Assignment: Among the entries below, retype exactly the lines starting with the one with "Set colier și" and going on through the one with "Livsip Outdoor Armchair", but not the pictures.

Source records:

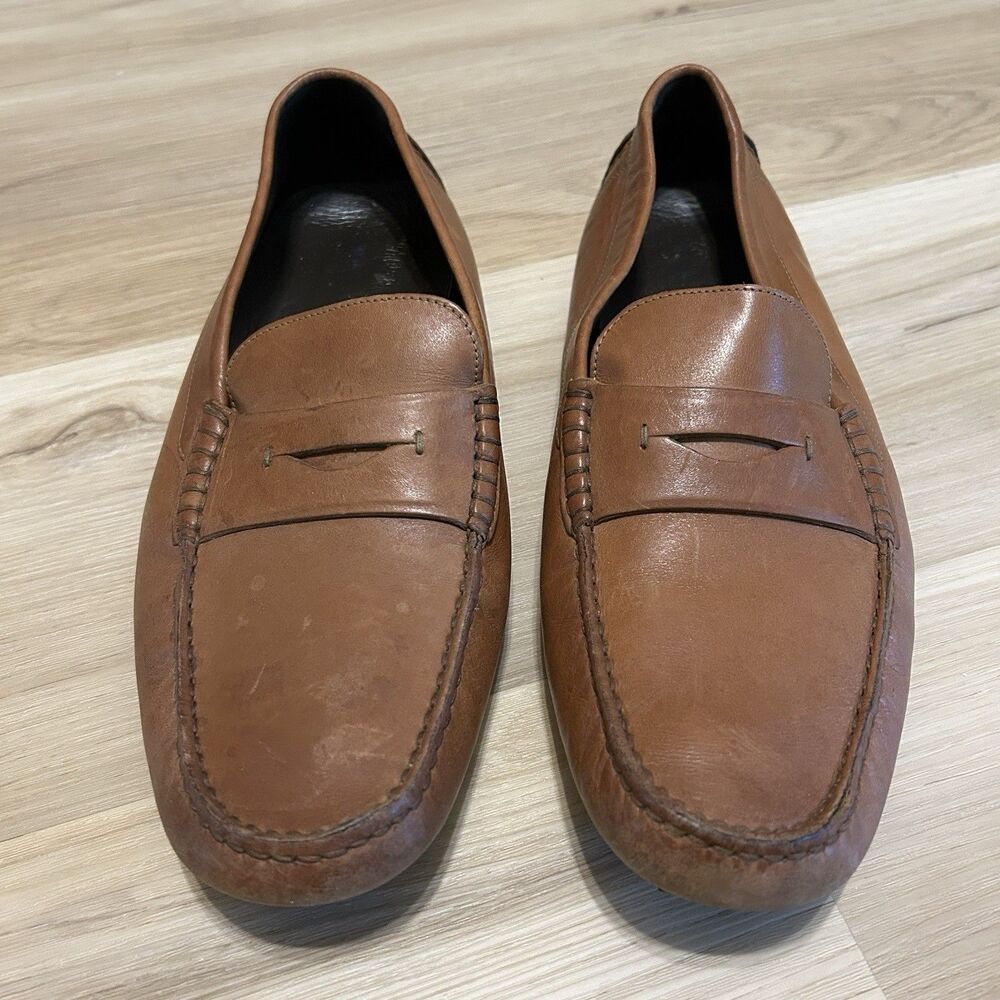 Hugo Boss Brown Leather Driving Shoes Loafers Mens UK 8 US 9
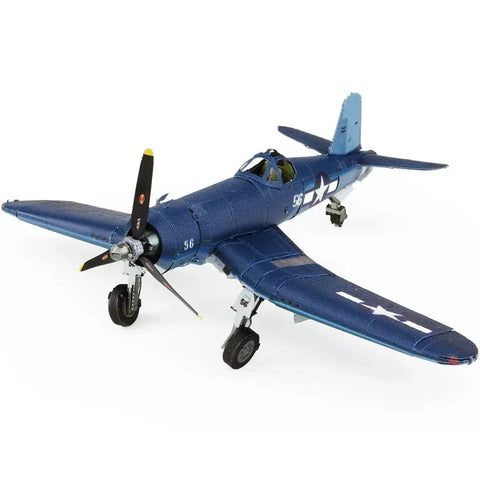 World War II - F4U Corsair American Plane Figure Model Kit (1:74 Scale, Steel, Challenging Difficulty) - Fascinations - Metal Earth Series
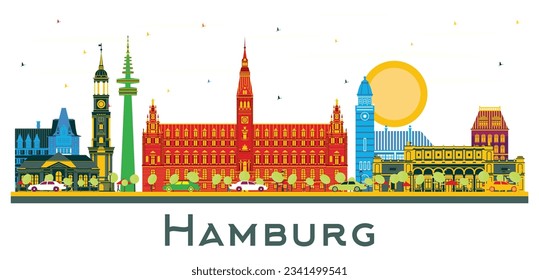 Hamburg Germany city Skyline with Color Buildings isolated on white. Vector Illustration. Business Travel and Tourism Concept with Historic Architecture. Hamburg Cityscape with Landmarks.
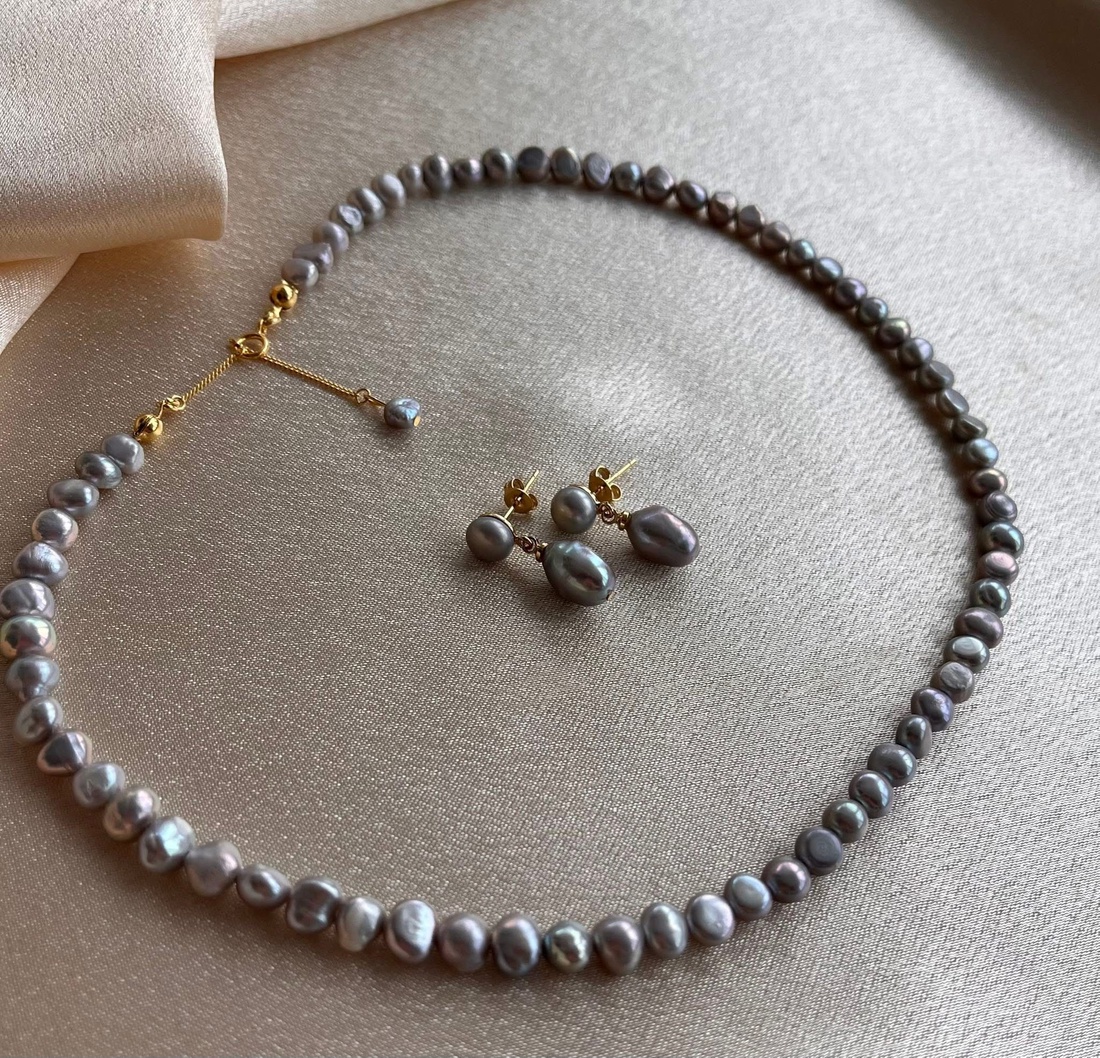 Set colier și cercei - accesorii nuntă - bijuterii mireasă - colier mireasă - Artynos.ro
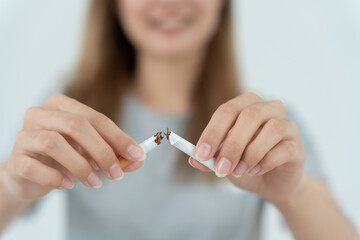 No smoking. Woman stop smoke, refuse, reject, break take cigarette, say no. quit smoking for...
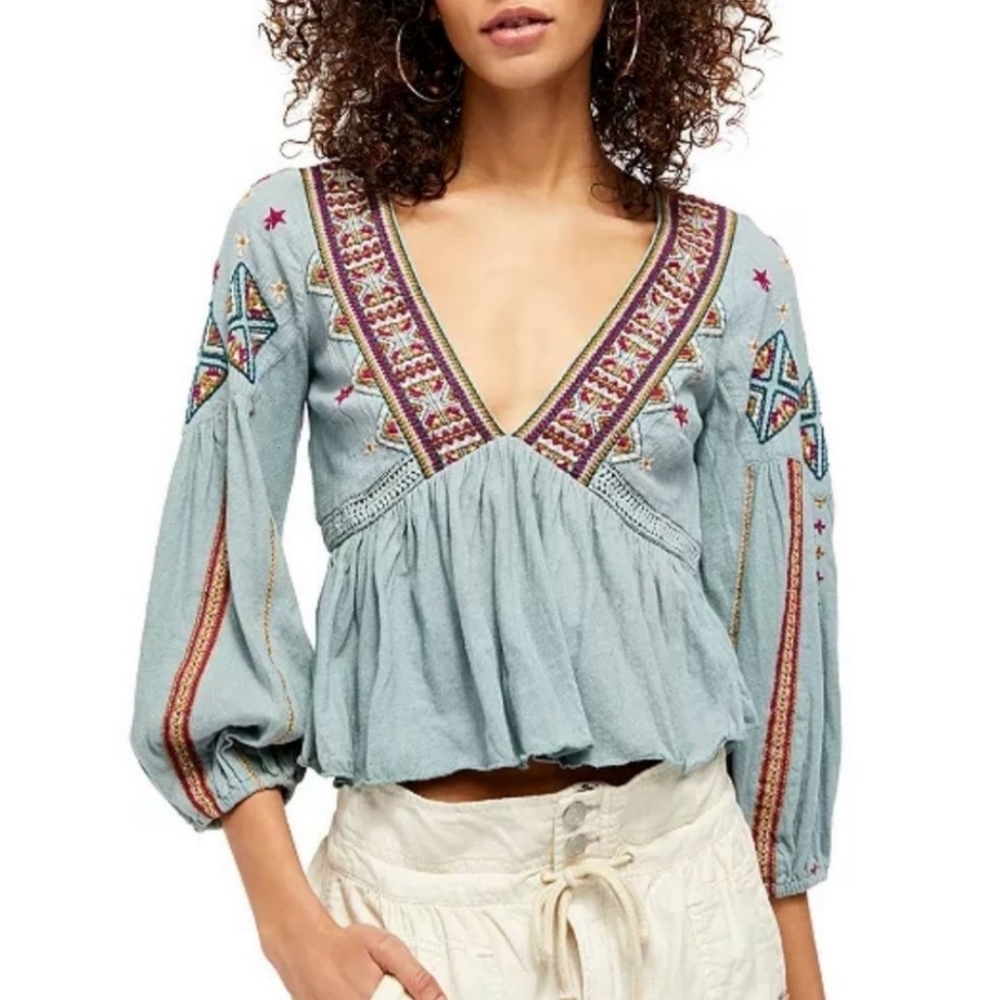Free People Aria Embroidered Top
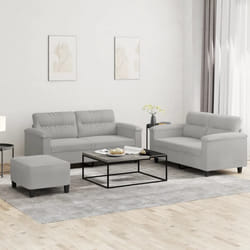 vidaXL Ensemble de canapés 3 pcs coussins gris clair tissu microfibre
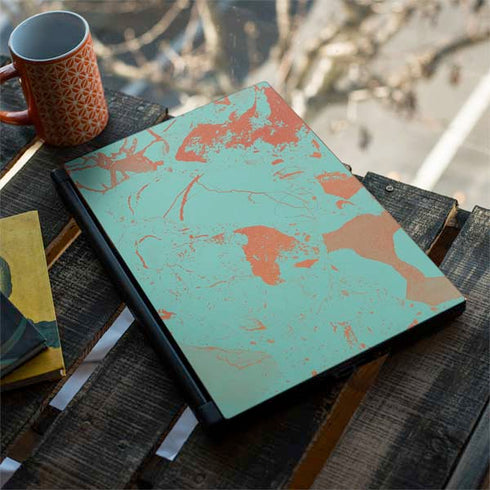 Turquoise and Orange Marble MSI GS65 Stealth Laptop Skin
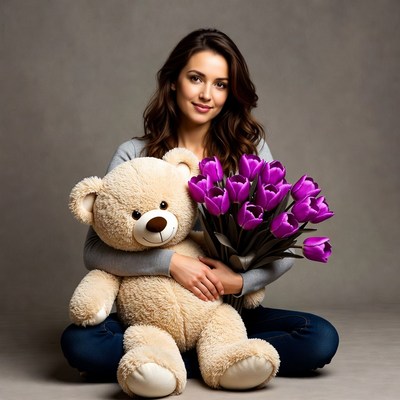 Woman holding teddy bear and tulips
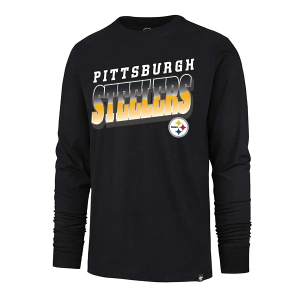 Pittsburgh Steelers 47 Brand Polished Long Sleeve T-Shirt Medium Black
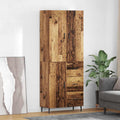 Highboard mit Schubladen 2 pcs Altholz Engineered Wood und Glas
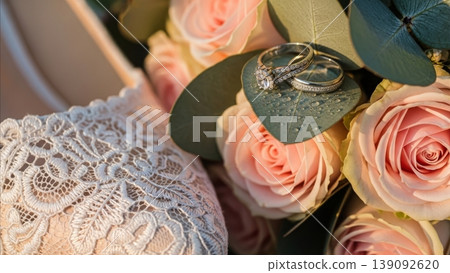 Wedding - Diamond Engagement Ring and Wedding Band Resting on Eucalyptus Leaf with Pink Roses and Lace Bridal Gown 139092620
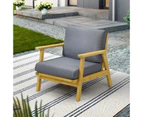 Livsip Outdoor Armchair Furniture Lounge Wooden Chair Patio Garden Sofa Set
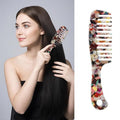 Large Wide Tooth Hair Comb,[Tortoise Shell] Cellulose Acetate Round Tooth Comb for Straight/Curly Hair,Short/Long Hair Women Men or Kids,Easy Detangling Wet or Dry,Anti-static (Multi-colored)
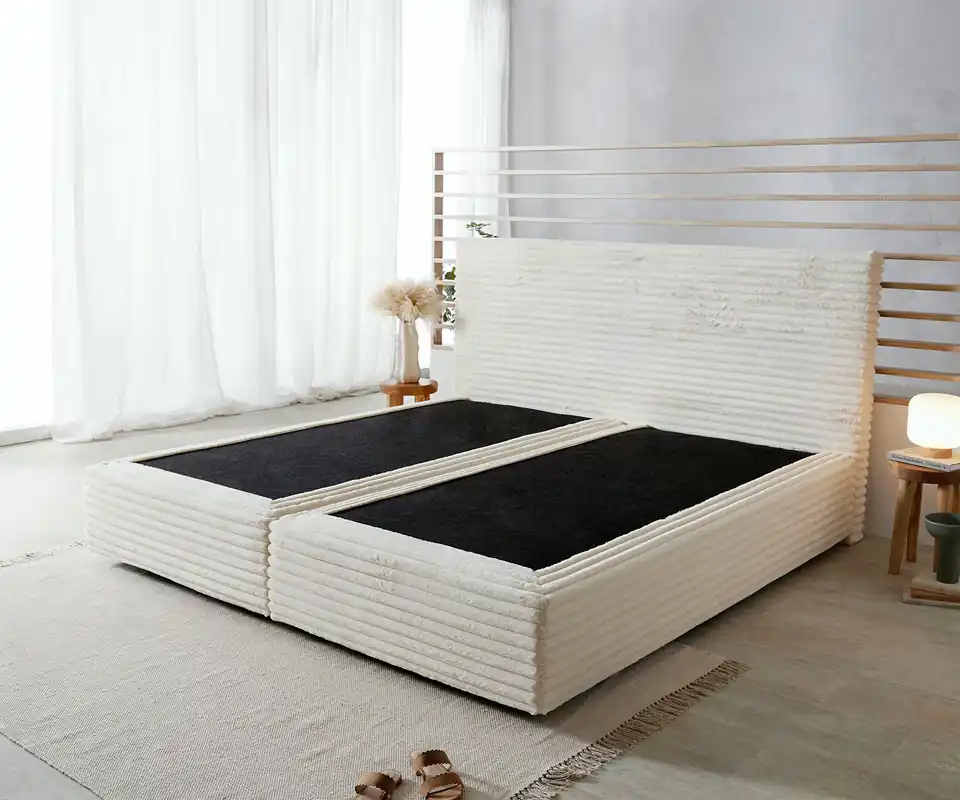 Kracherpreis Boxspringgestell Dream-Well Plüsch-Cord Beige 200x200 cm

Problem solution:
 Set colier și cercei - accesorii nuntă - bijuterii mireasă - colier mireasă - Artynos.ro
 No smoking. Woman stop smoke, refuse, reject, break take cigarette, say no. quit smoking for...
Free People Aria Embroidered Top
 vidaXL Ensemble de canapés 3 pcs coussins gris clair tissu microfibre
 Turquoise and Orange Marble MSI GS65 Stealth Laptop Skin
 Woman holding teddy bear and tulips
 Pittsburgh Steelers 47 Brand Polished Long Sleeve T-Shirt Medium Black
 Highboard mit Schubladen 2 pcs Altholz Engineered Wood und Glas
 Wedding - Diamond Engagement Ring and Wedding Band Resting on Eucalyptus Leaf with Pink Roses and Lace Bridal Gown 139092620
 Livsip Outdoor Armchair Furniture Lounge Wooden Chair Patio Garden Sofa Set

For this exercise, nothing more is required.